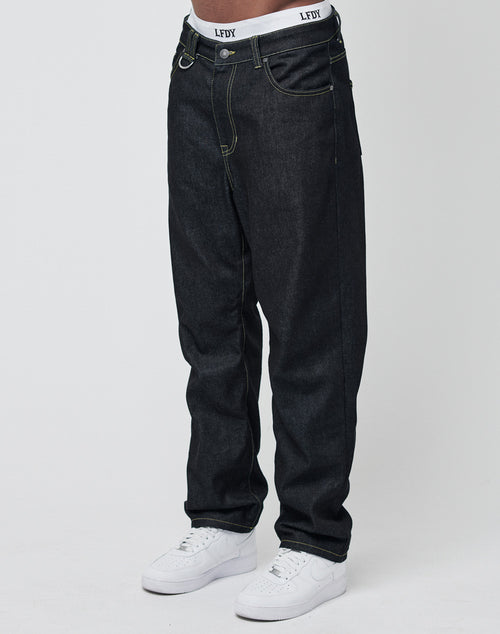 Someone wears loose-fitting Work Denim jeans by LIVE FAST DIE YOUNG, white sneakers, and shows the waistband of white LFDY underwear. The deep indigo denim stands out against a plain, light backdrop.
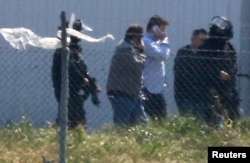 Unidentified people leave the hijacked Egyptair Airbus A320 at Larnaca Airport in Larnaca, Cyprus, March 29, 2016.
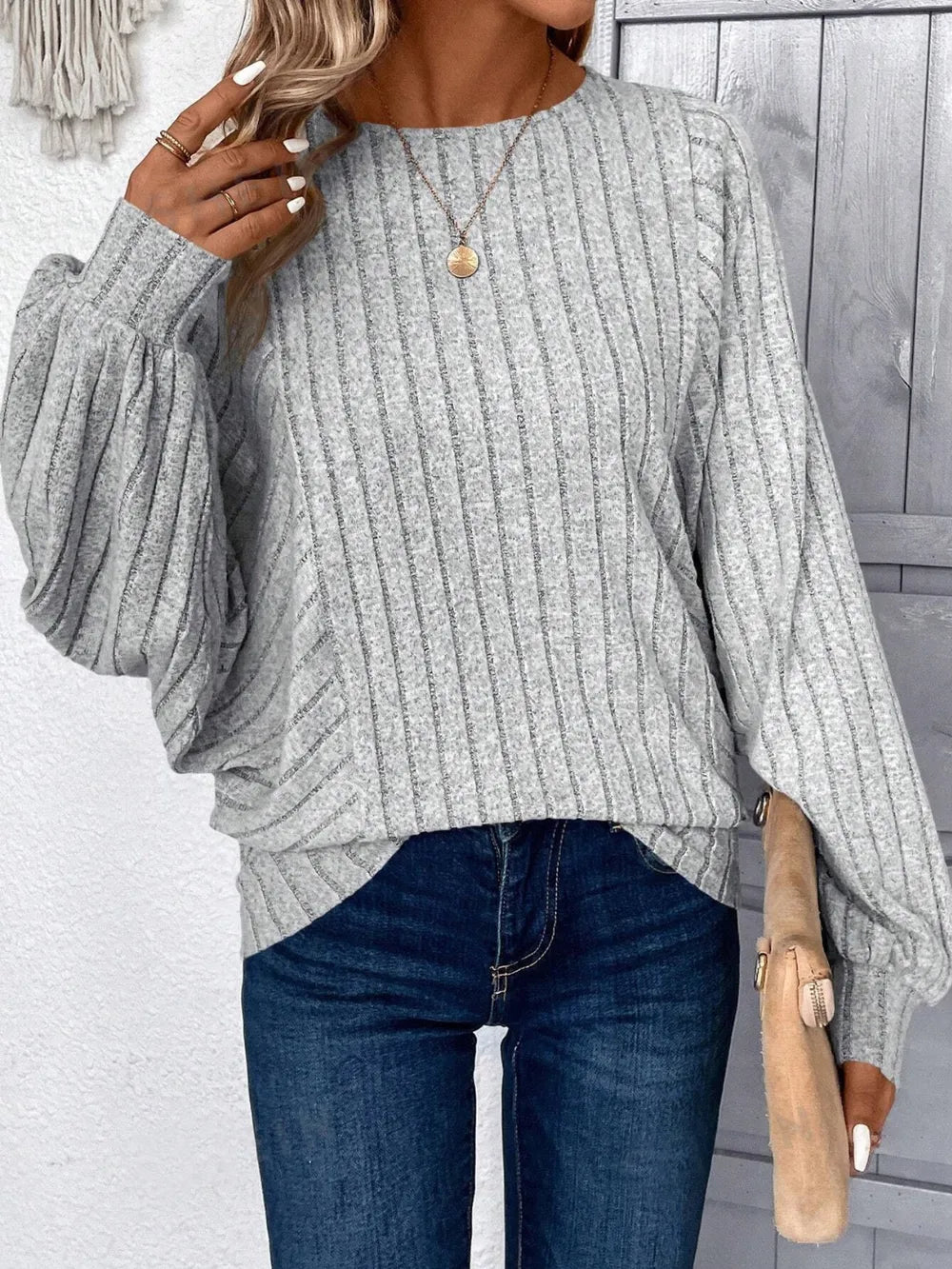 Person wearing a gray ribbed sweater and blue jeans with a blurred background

○ ○ ○ ○ ○

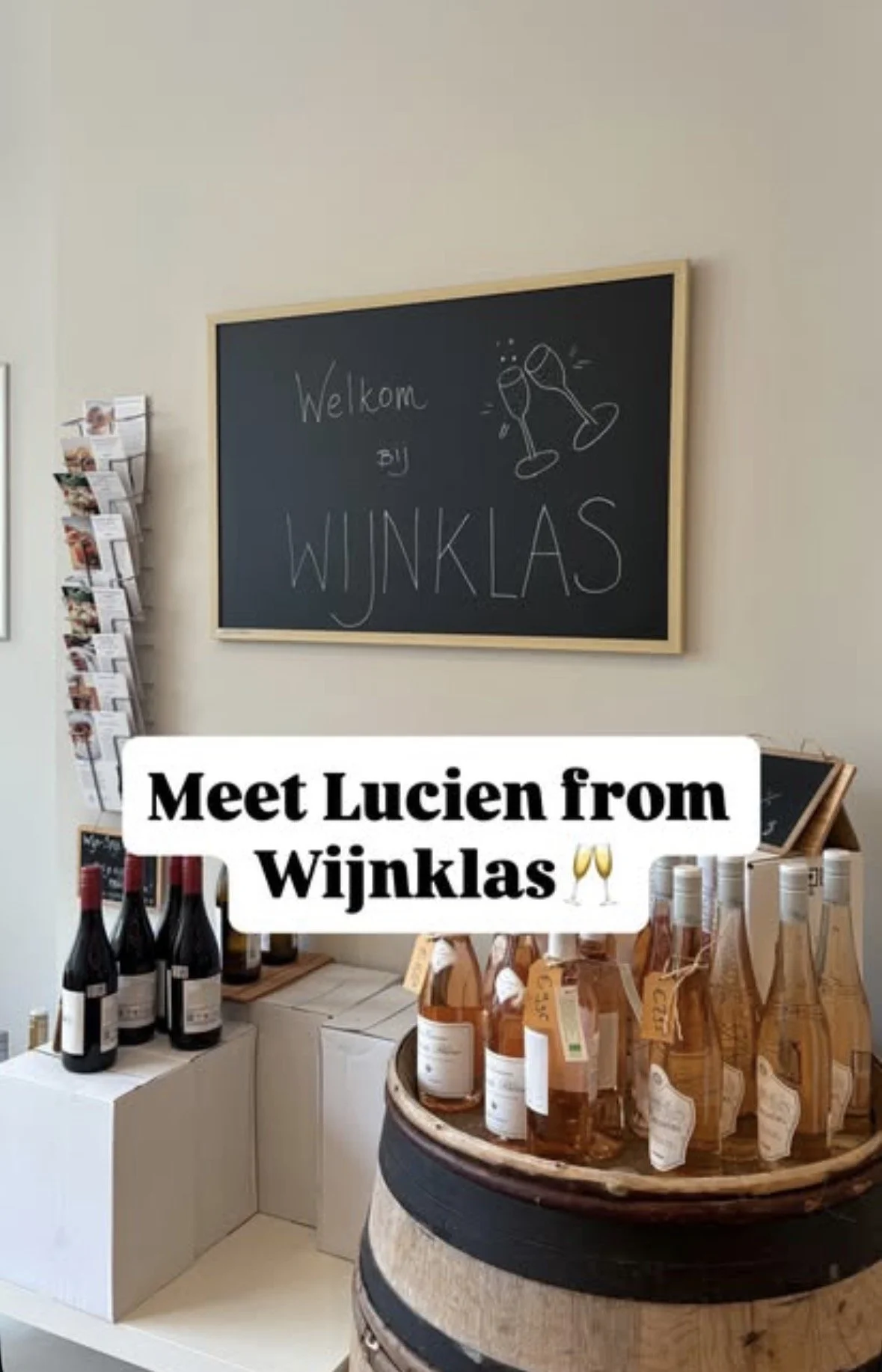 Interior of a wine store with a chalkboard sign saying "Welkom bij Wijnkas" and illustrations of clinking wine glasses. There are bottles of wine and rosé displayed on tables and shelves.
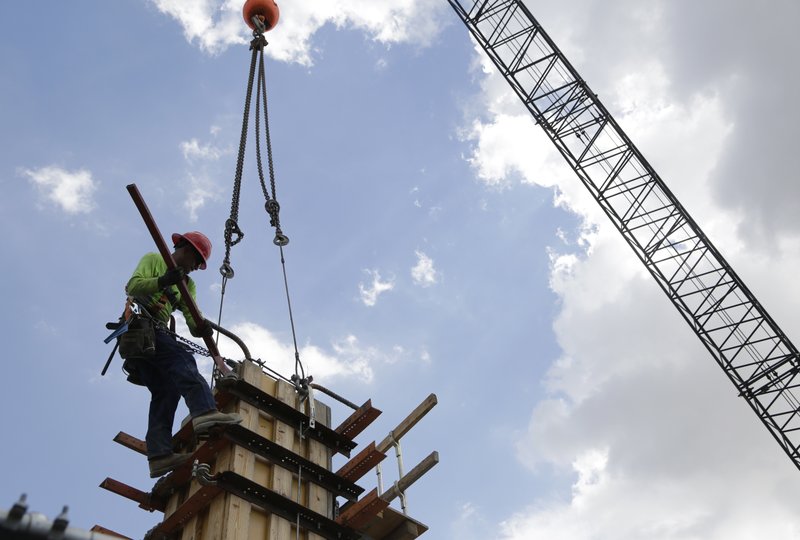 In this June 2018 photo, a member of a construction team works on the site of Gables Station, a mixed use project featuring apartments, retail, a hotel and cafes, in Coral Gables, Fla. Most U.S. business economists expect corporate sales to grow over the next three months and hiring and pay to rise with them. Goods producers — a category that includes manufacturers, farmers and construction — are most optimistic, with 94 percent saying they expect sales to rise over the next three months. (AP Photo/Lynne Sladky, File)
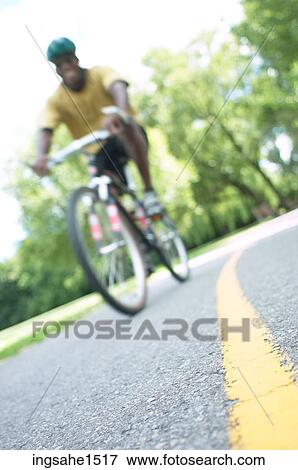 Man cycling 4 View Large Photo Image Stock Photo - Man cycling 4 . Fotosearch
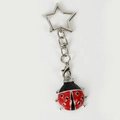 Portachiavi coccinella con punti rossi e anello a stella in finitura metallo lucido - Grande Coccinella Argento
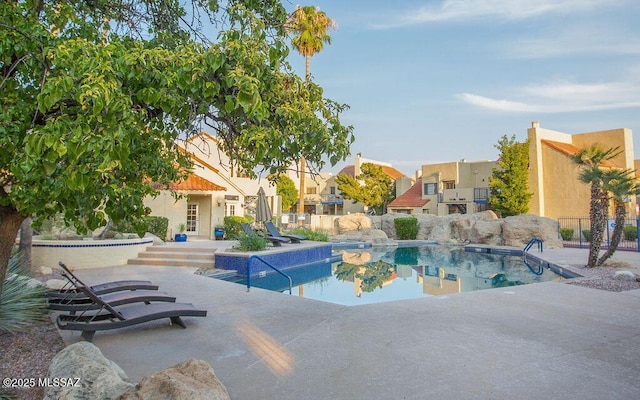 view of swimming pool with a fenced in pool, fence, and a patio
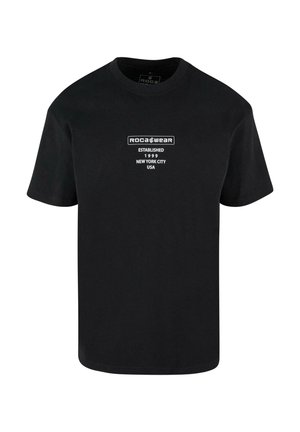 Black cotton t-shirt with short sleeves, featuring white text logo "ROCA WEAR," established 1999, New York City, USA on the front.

○ ○ ○ ○ ○

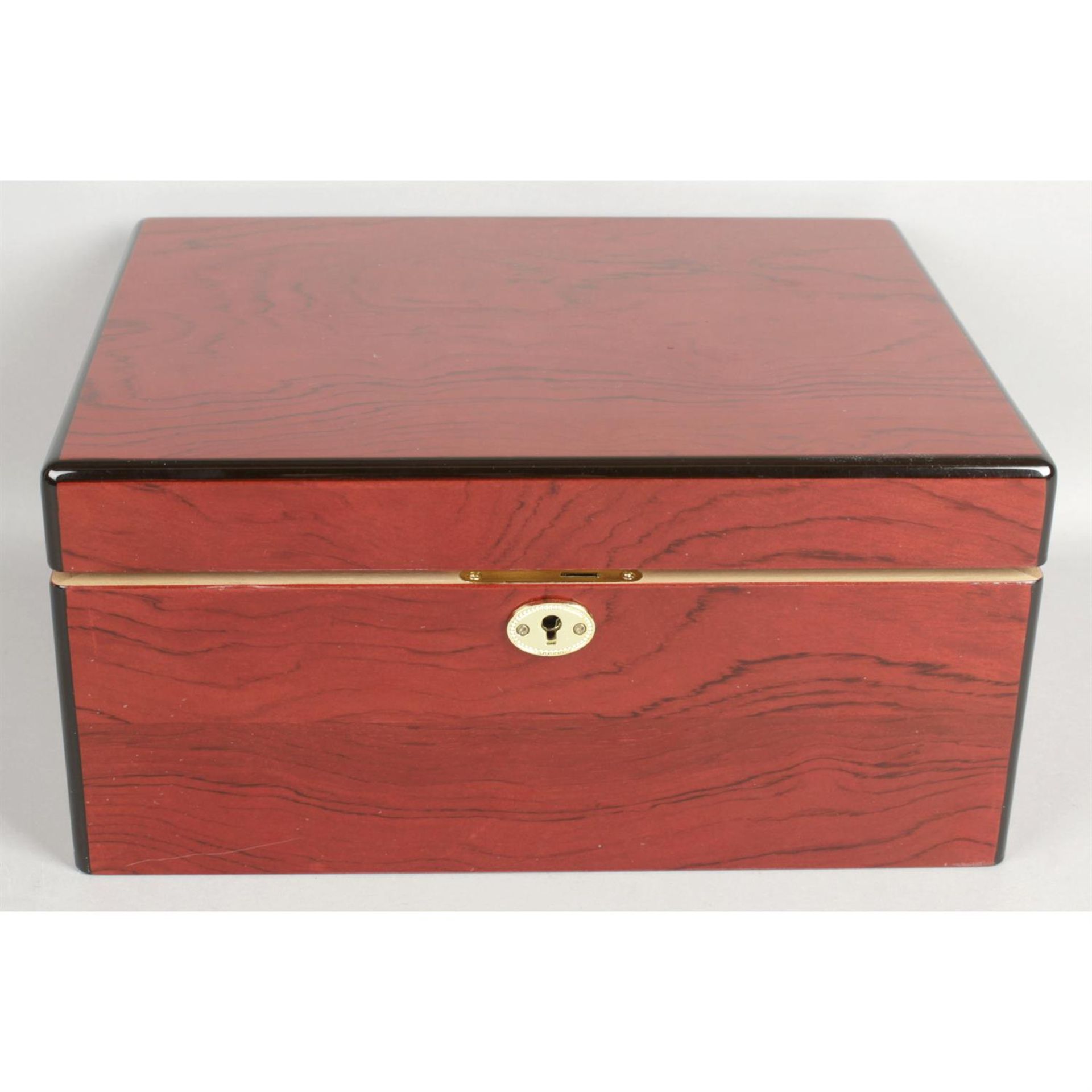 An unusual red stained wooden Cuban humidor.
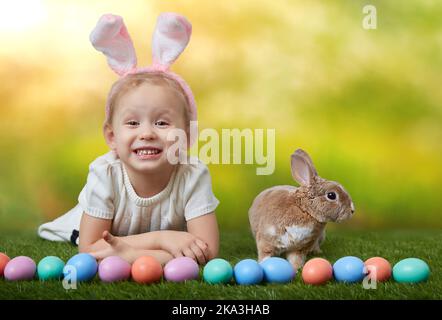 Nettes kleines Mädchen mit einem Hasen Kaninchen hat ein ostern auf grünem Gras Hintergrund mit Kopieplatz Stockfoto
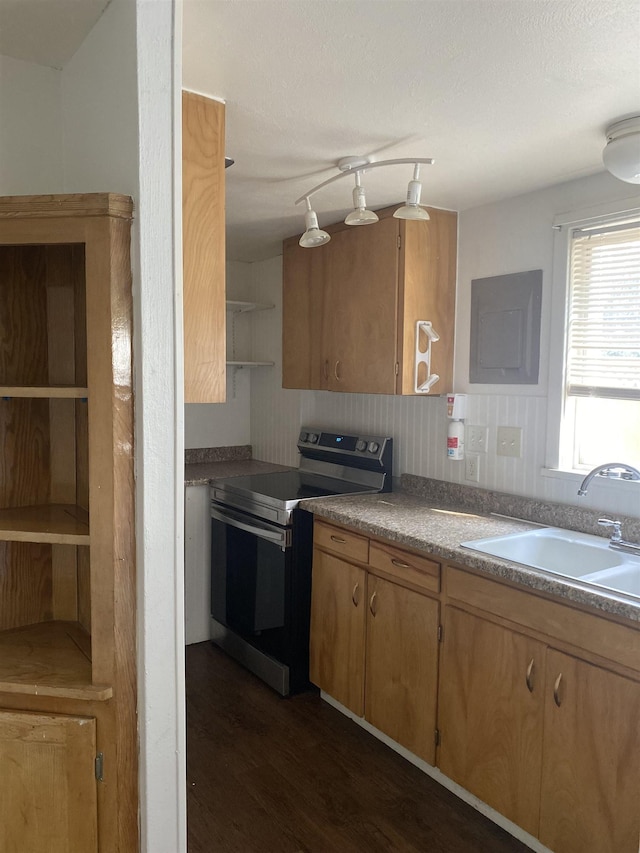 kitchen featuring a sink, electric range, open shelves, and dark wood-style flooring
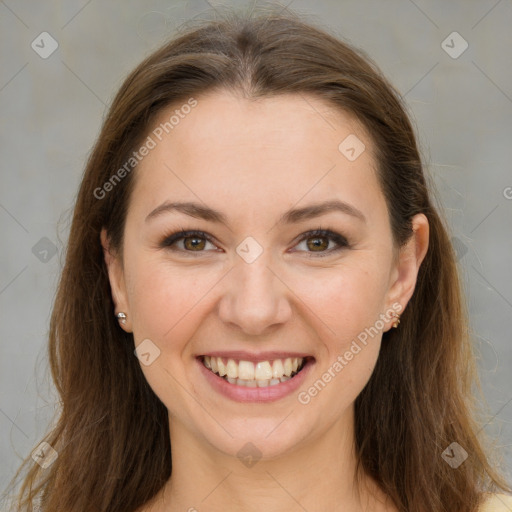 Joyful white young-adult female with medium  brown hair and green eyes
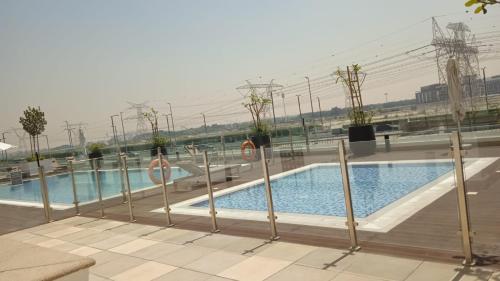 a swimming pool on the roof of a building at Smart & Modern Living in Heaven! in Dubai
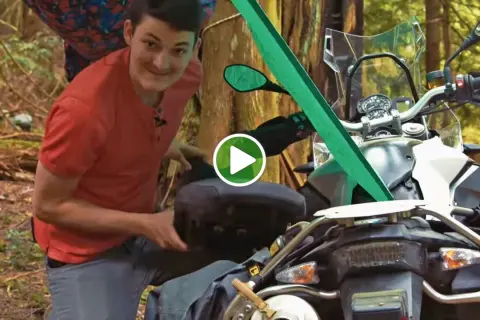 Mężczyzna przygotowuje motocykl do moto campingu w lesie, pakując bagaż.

○ ○ ○ ○ ○

#### WORK ITEM
For this exercise, return exactly the lines above from the line with "Nettes kleines Mädchen" through the line with "Mężczyzna przygotowuje motocykl", both included. Do not copy the pictures.

#### THE ANSWER
 Nettes kleines Mädchen mit einem Hasen Kaninchen hat ein ostern auf grünem Gras Hintergrund mit Kopieplatz Stockfoto
 kitchen featuring a sink, electric range, open shelves, and dark wood-style flooring
 Joyful white young-adult female with medium  brown hair and green eyes
 a swimming pool on the roof of a building at Smart & Modern Living in Heaven! in Dubai
 Mężczyzna przygotowuje motocykl do moto campingu w lesie, pakując bagaż.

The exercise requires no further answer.